YOUR GOAL
Starting at the line that contains "Photo of 2560", output each line exactly as written through the end of the listing below, but leave out the pictures.

SOURCE DATA
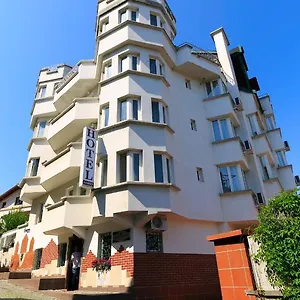 The White House 2* Filibe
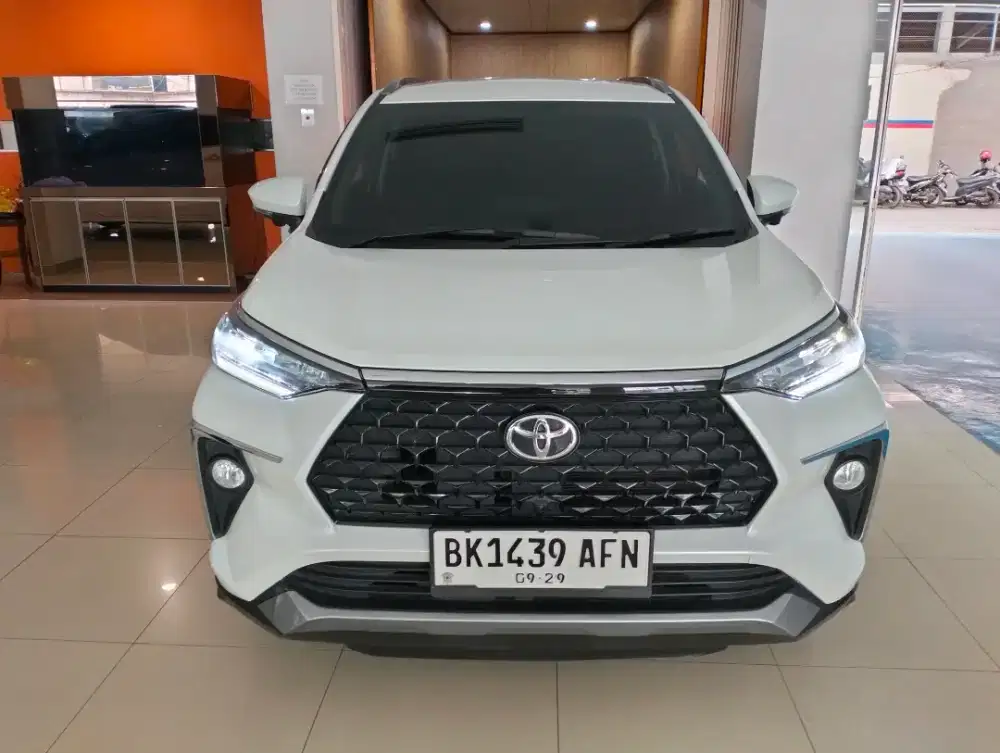 Toyota Veloz 1,5 Q CVT THN 2024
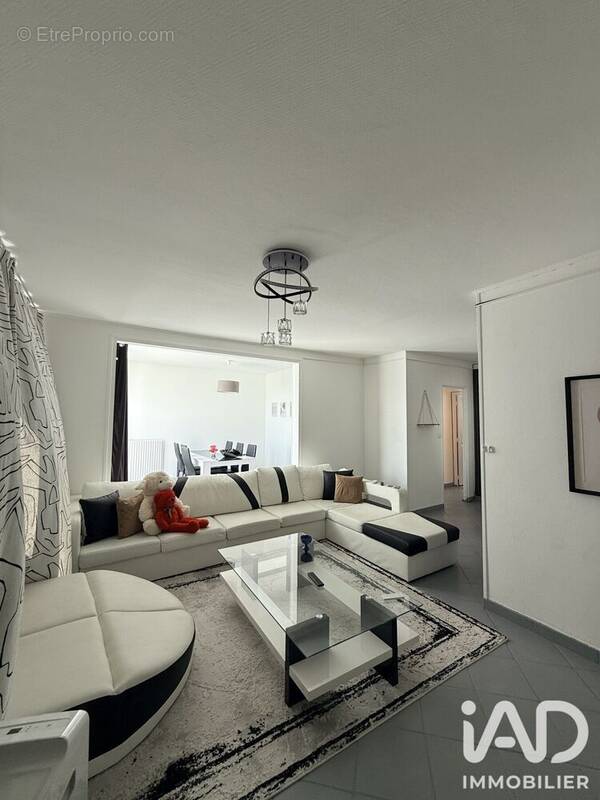 Photo 1 - Appartement à FLEURY-LES-AUBRAIS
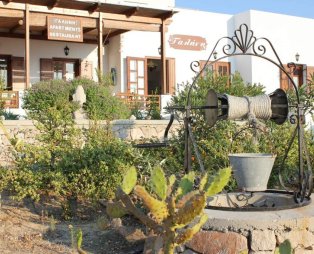 Galini Hotel: Cycladic hospitality in Agia Irini on Milos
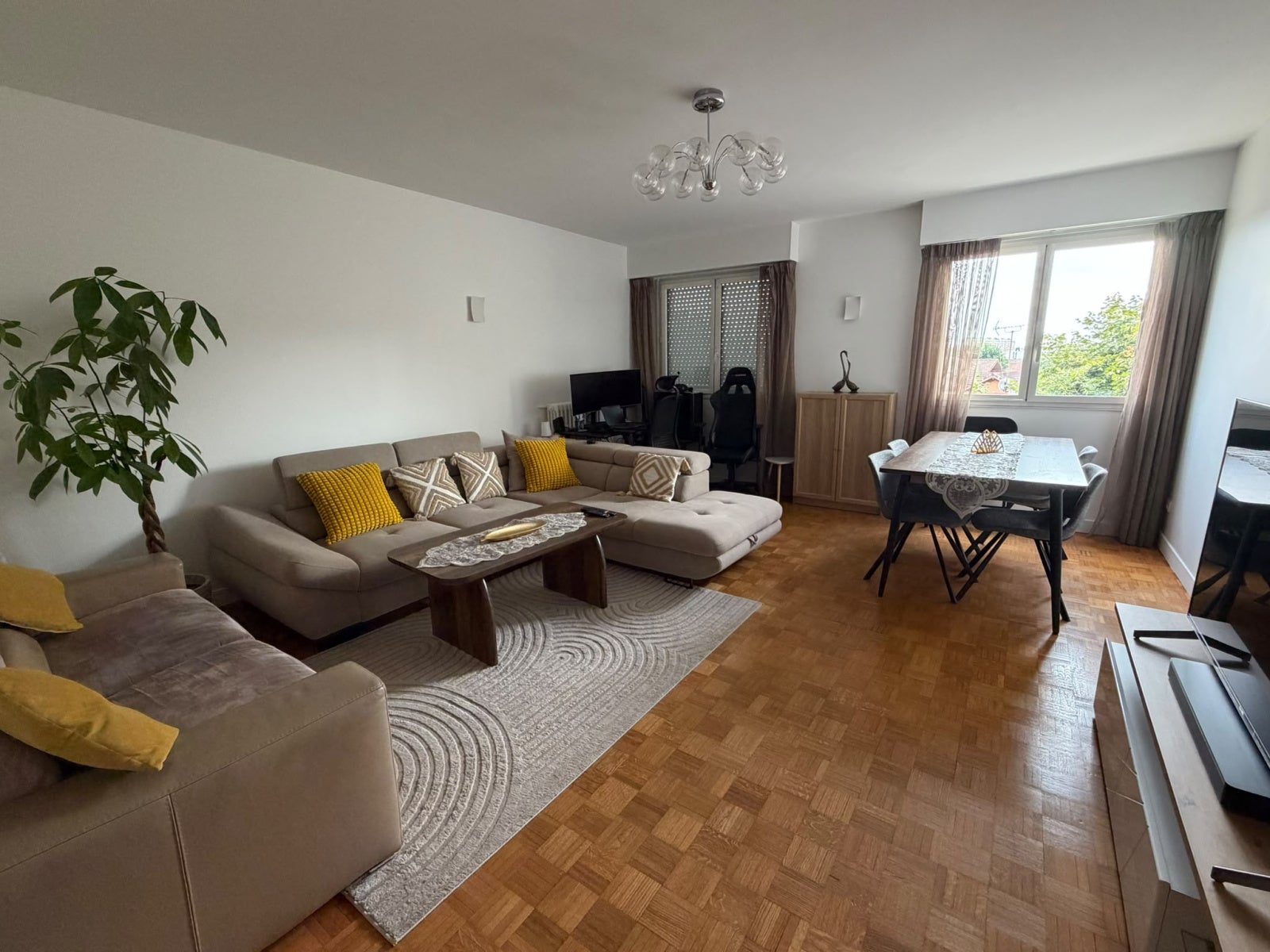 Appartement Avenue Galois à Bourg-la-Reine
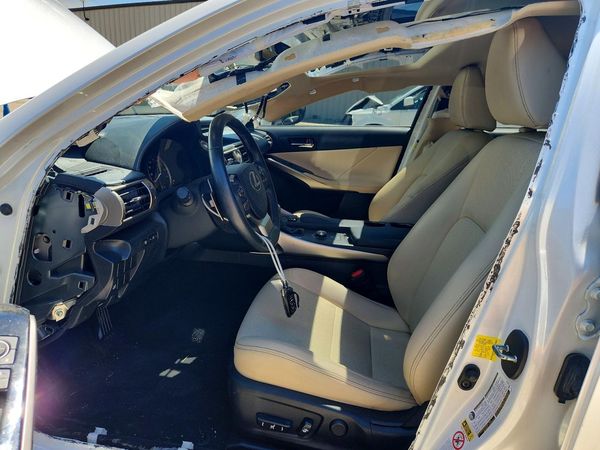2016 LEXUS IS 300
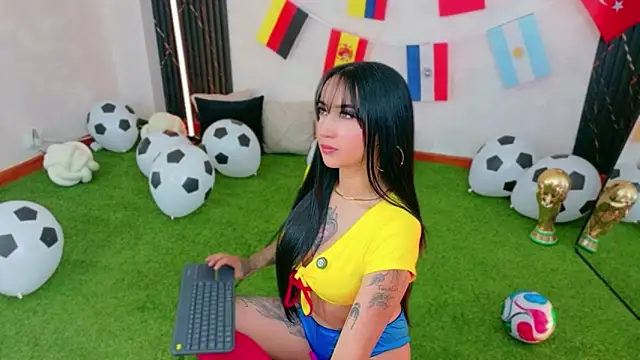 EmmyEvans1 Live XXX-chat
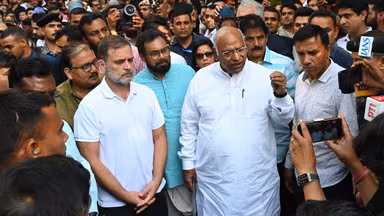 विपक्षी सांसदों का राजघाट मार्च, राहुल गांधी बोले- शांतिपूर्ण प्रदर्शन की भी इजाजत नहीं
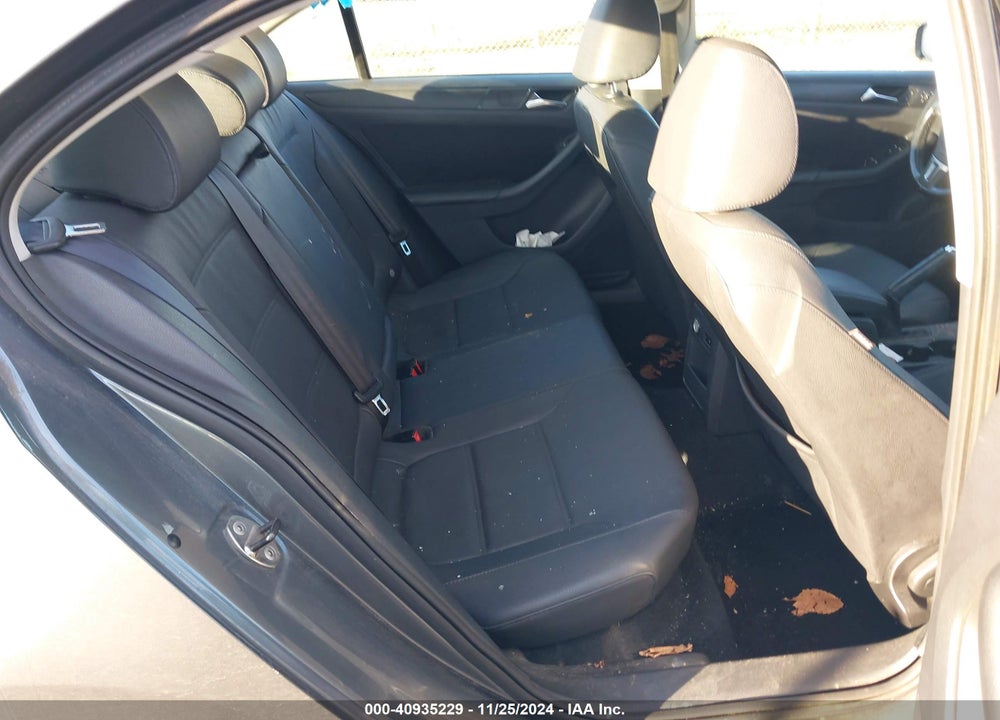 2011 VOLKSWAGEN JETTA 2.5L SE VIN: 3VWDZ7AJ8BM319005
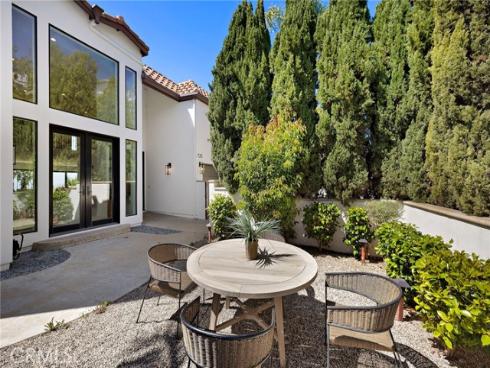 725  Balboa   Avenue, Laguna Beach, CA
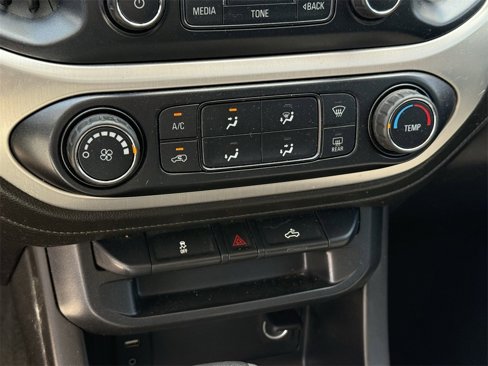 Used 2016 GMC Canyon SLE image 22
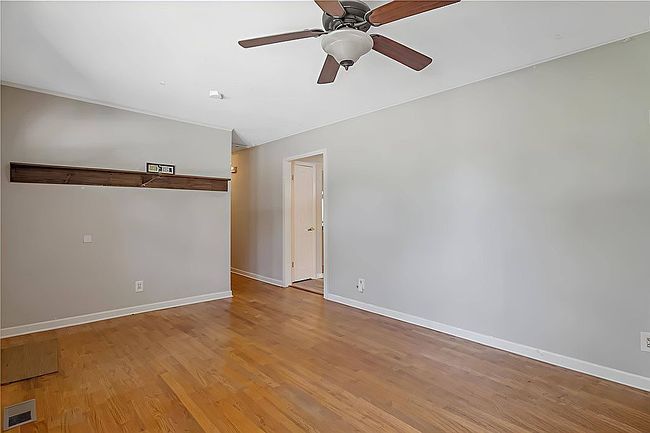 Photo of 2560 Pine Springs Dr, Fayetteville, NC
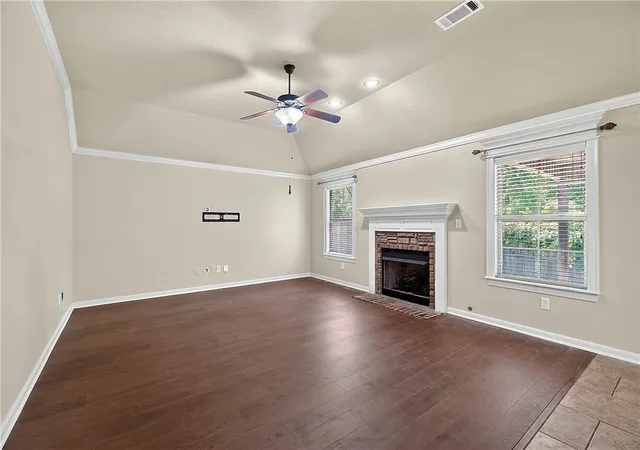 4th image of 2555 N Trafalger Dr, Fayetteville, AR 72704 | MLS# 1356532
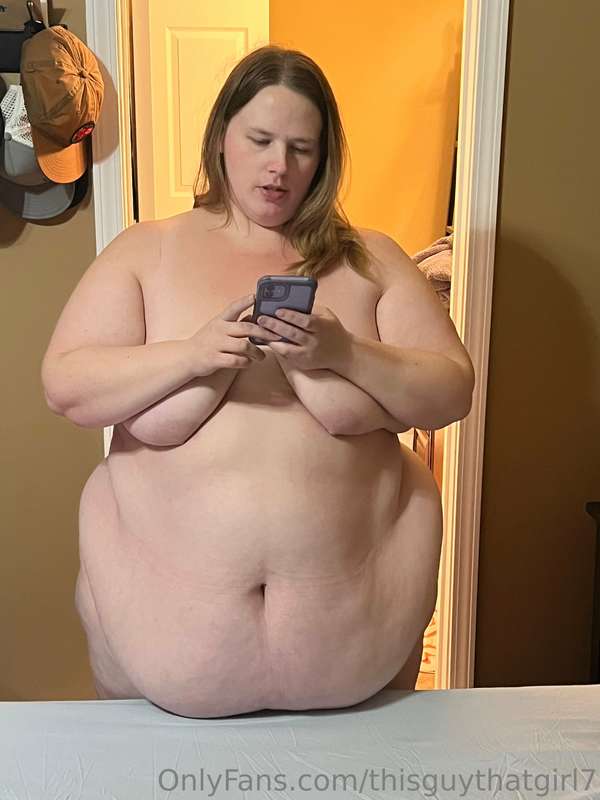 Some candid pics of my beautiful gf 😍 4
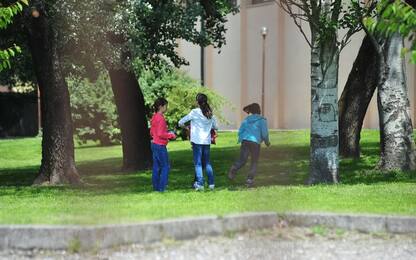 Bimbo scompare al parco della Caffarella a Roma: ritrovato da polizia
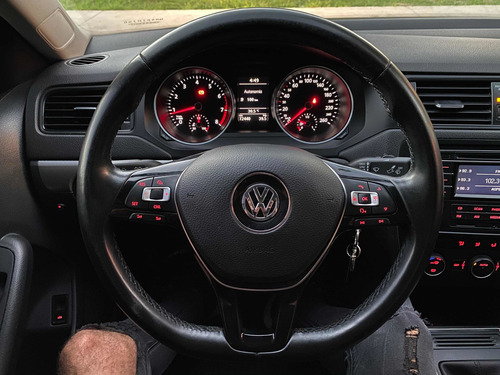 Volkswagen Vento 2.0 Advance I 110cv 2015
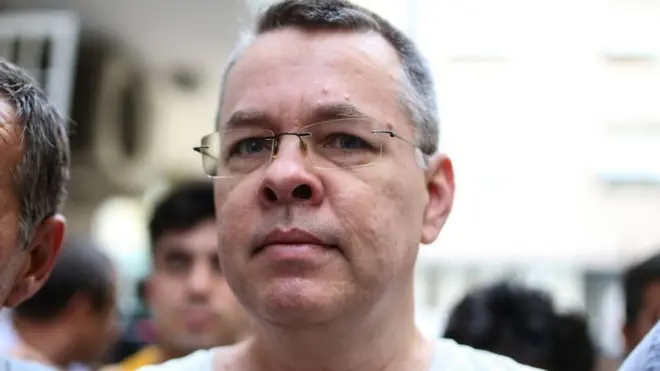 Brunson llevaba más de 20 años viviendo en Turquía, donde había solicitado un permiso de residencia permanente.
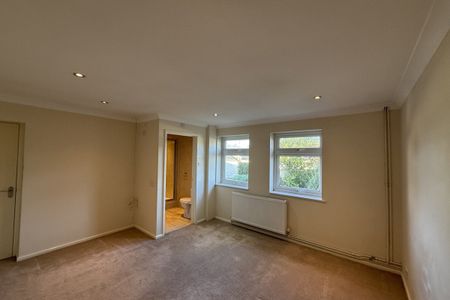 Cornfield Avenue - Photo 3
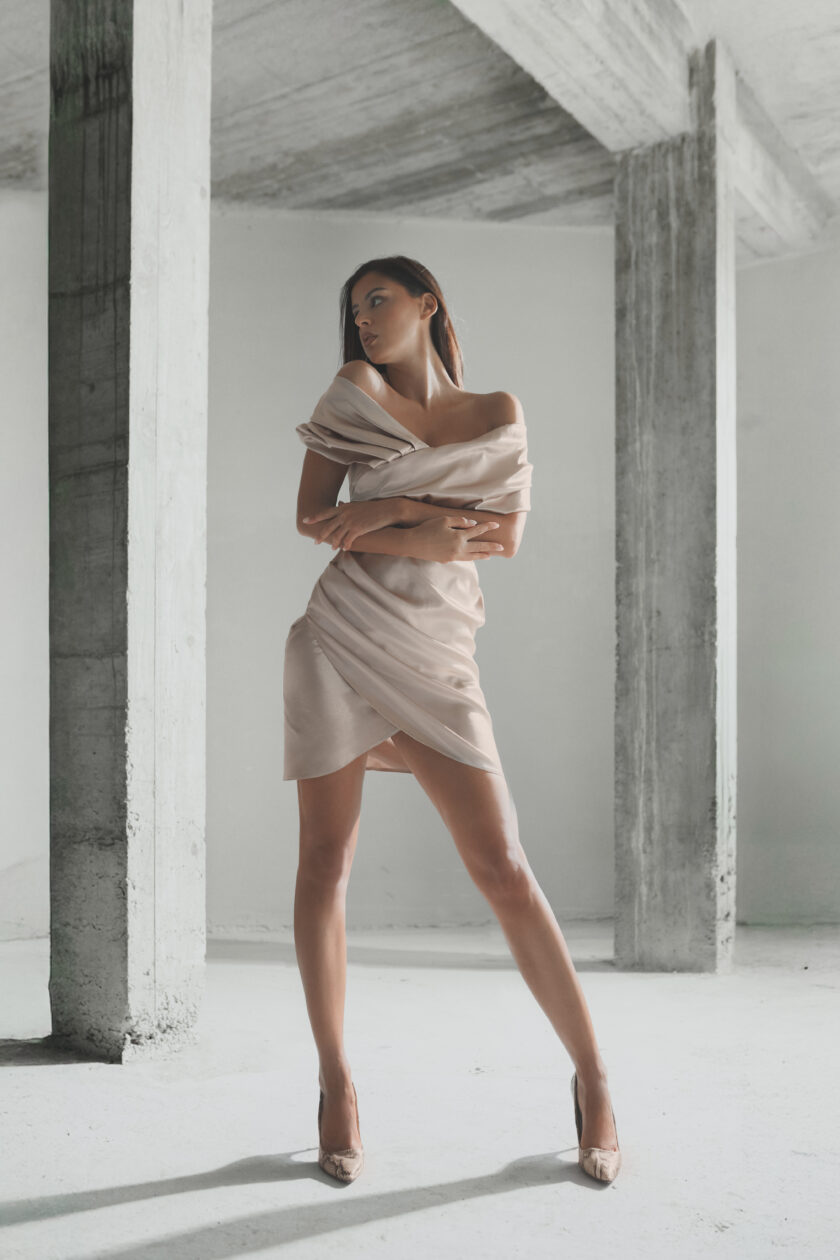 Satenska bež mini haljina SH4032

WRITTEN RESPONSE
 Photo of 2560 Pine Springs Dr, Fayetteville, NC
 4th image of 2555 N Trafalger Dr, Fayetteville, AR 72704 | MLS# 1356532
 Some candid pics of my beautiful gf 😍 4
 Bimbo scompare al parco della Caffarella a Roma: ritrovato da polizia
 Volkswagen Vento 2.0 Advance I 110cv 2015
 Brunson llevaba más de 20 años viviendo en Turquía, donde había solicitado un permiso de residencia permanente.
 Cornfield Avenue - Photo 3
 Satenska bež mini haljina SH4032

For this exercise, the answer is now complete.